Bucket selector aggregation

edit

A parent pipeline aggregation which executes a script which determines whether the current bucket will be retained in the parent multi-bucket aggregation. The specified metric must be numeric and the script must return a boolean value. If the script language is expression then a numeric return value is permitted. In this case 0.0 will be evaluated as false and all other values will evaluate to true.

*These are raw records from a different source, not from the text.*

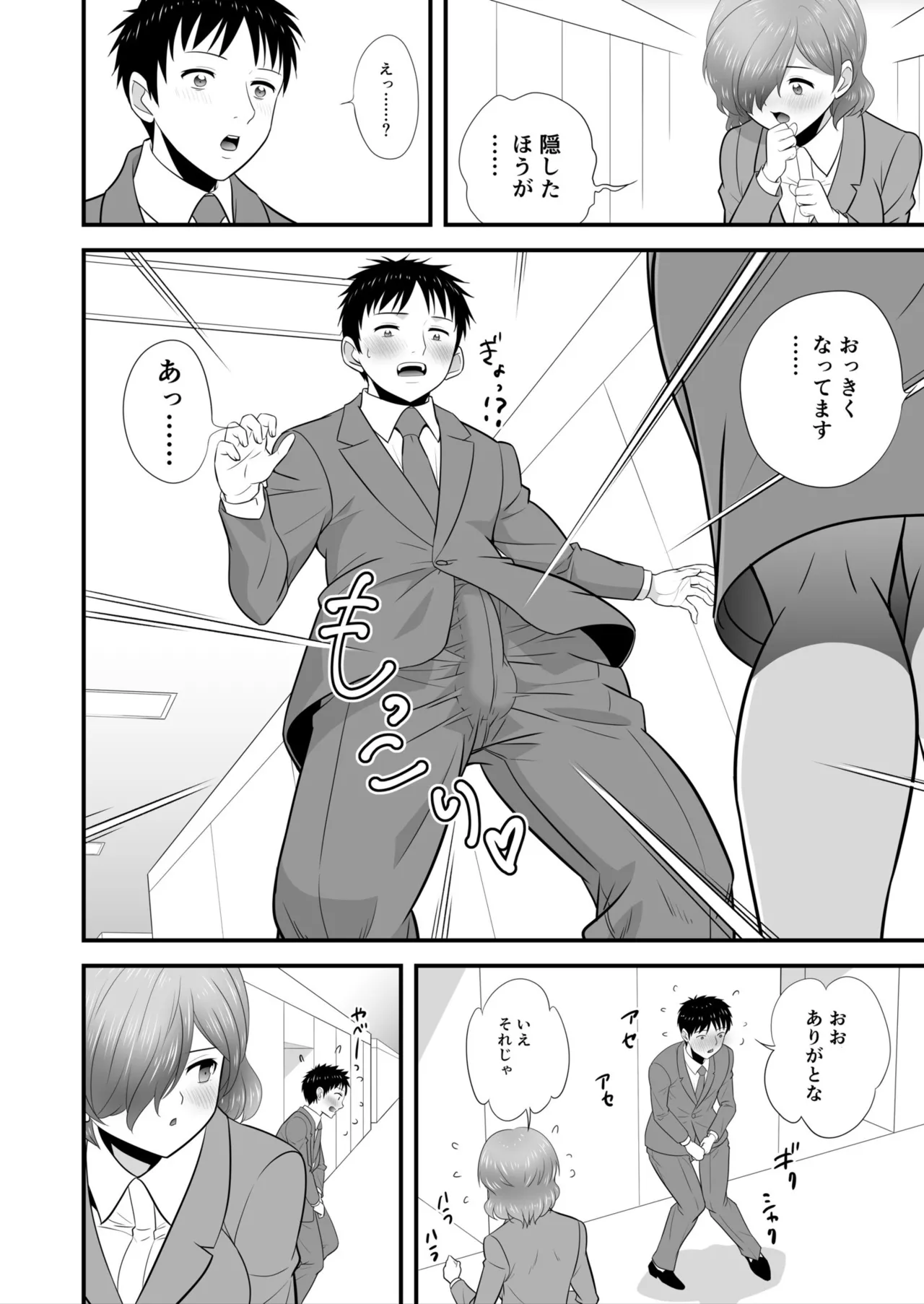 宅飲み!脱衣ハーレムゲーム!!~罰ゲームからの猛烈ピストンで何度もナカイキ 第1-13話 Page.112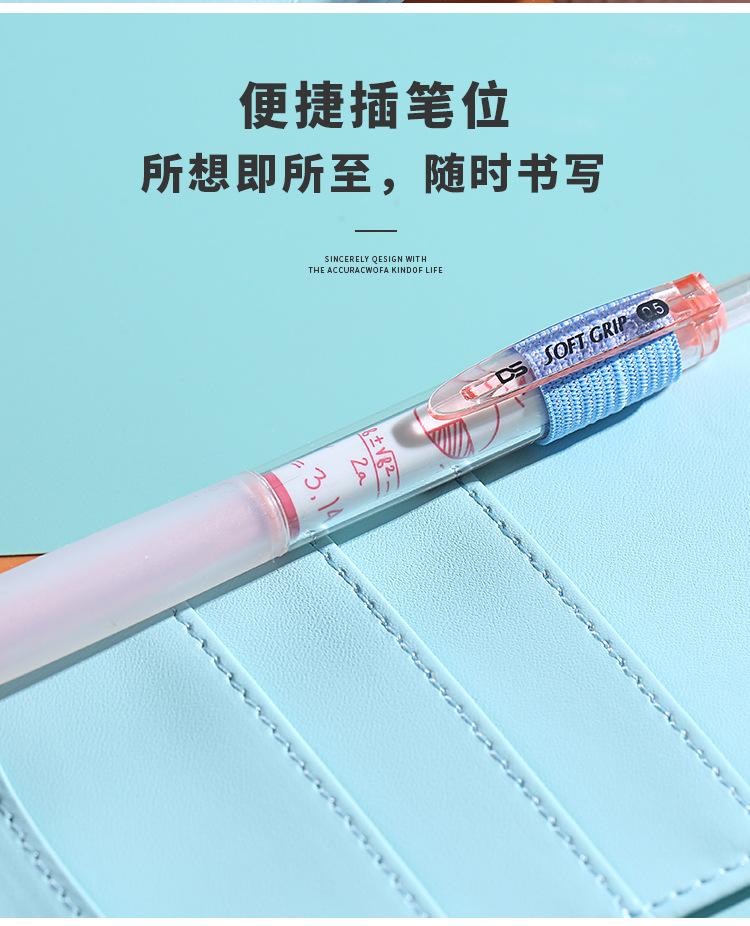 阿斌_07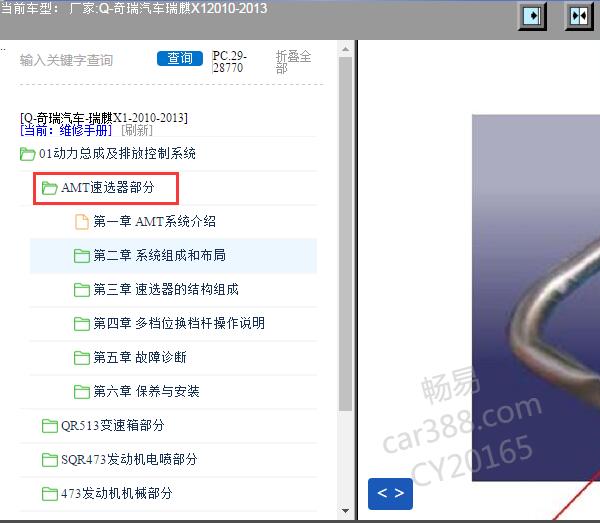2010-2013年奇瑞瑞麟 AMT变速箱资料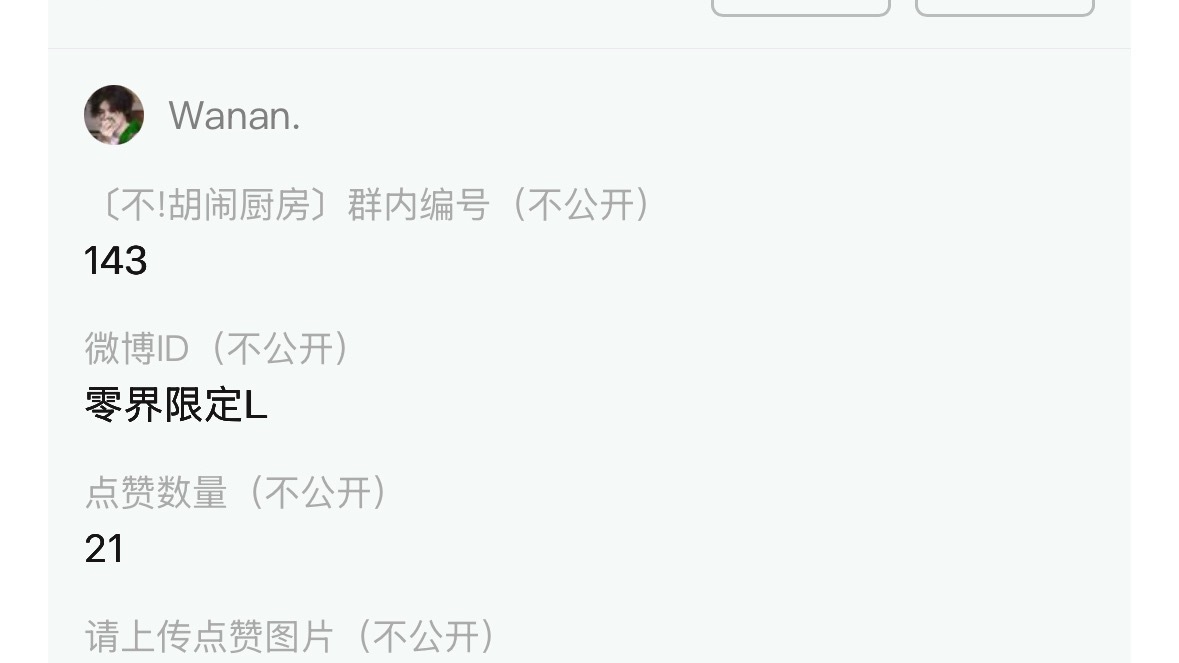 9.2【不！胡闹厨房】🍠👍🏻21​​​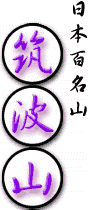 c0119160_15483524.gif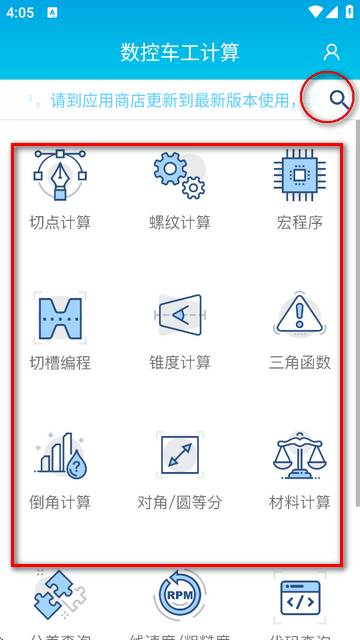 数控车工计算器手机版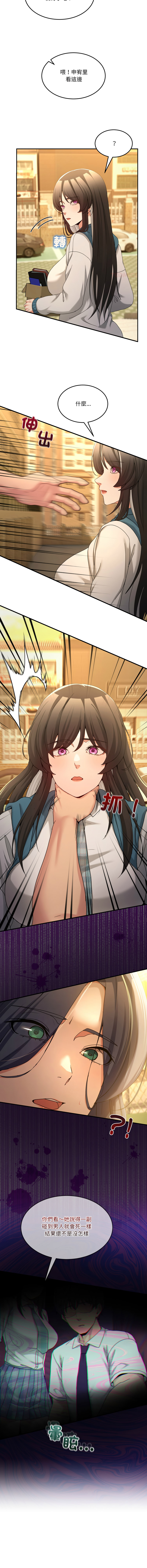 [Memeldu & Van Mao]  男人止步 1-48 [Chinese] [Ongoing] - Page 767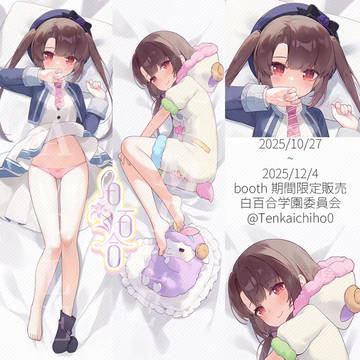 オンゲキ　東雲つむぎ　抱き枕カバー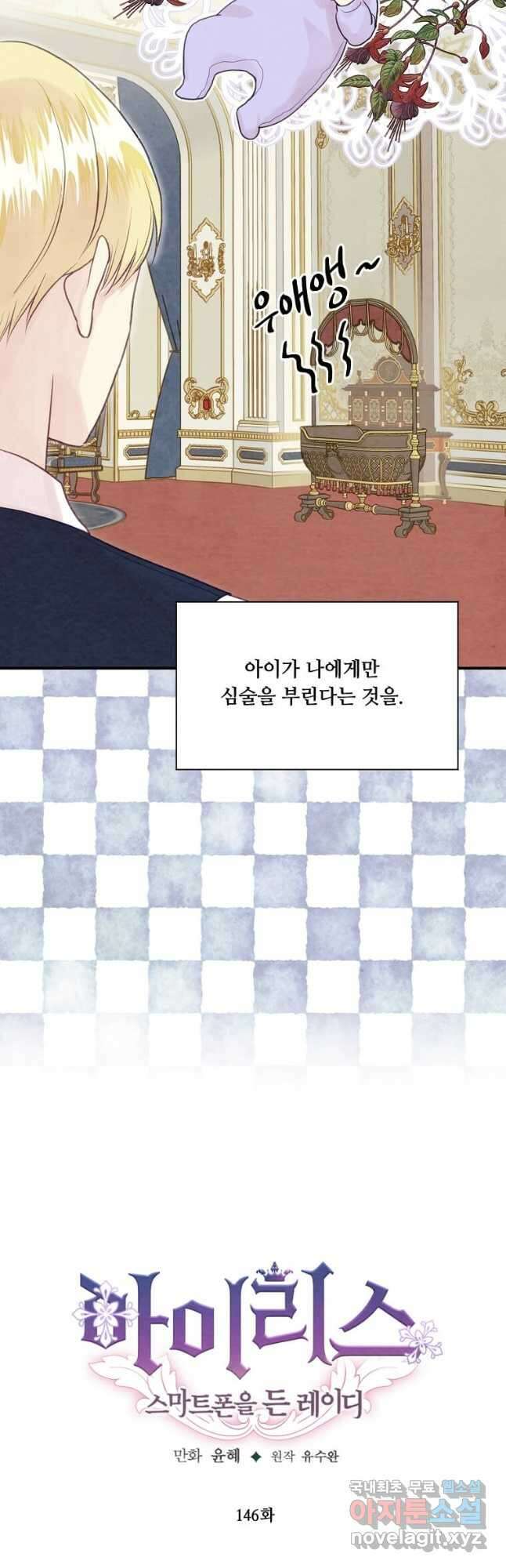 아이리스 - 스마트폰을 든 레이디 146화 10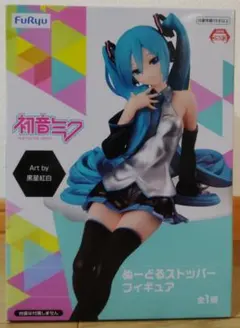 【送料込、匿名配送】初音ミク ぬーどるストッパーフィギュア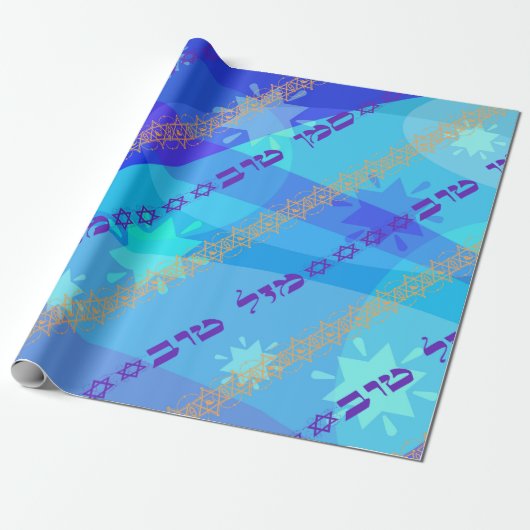 Mazal Tov u Siman Tov Wrapping Paper Cadeaupapier (Uitgerold)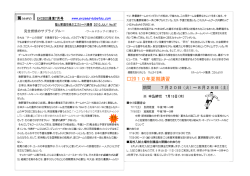 7月号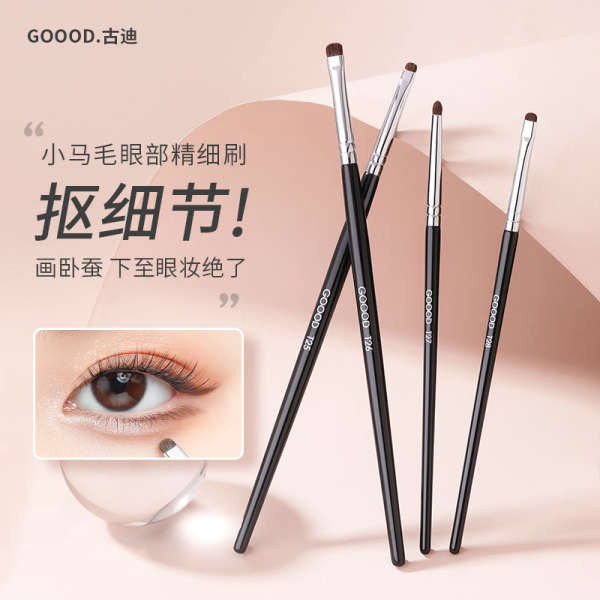 supermom official ปากกานวดตา Goody Eyeshadow Brush แปรงรายละเอียดการแต่งตาสีแปรงแต่งหน้าแปรงอายไลเนอ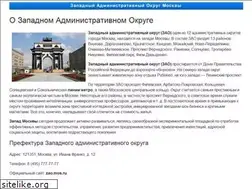 Sites similar to mos-zao.ru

The bucket_selector aggregation, like all pipeline aggregations, executes after all other sibling aggregations. This means that using the bucket_selector aggregation to filter the returned buckets in the response does not save on execution time running the aggregations.

Syntax

edit

A bucket_selector aggregation looks like this in isolation:

{
  "bucket_selector": {
    "buckets_path": {
      "my_var1": "the_sum",                     
      "my_var2": "the_value_count"
    },
    "script": "params.my_var1 > params.my_var2"
  }
}

Here, my_var1 is the name of the variable for this buckets path to use in the script, the_sum is the path to the metrics to use for that variable.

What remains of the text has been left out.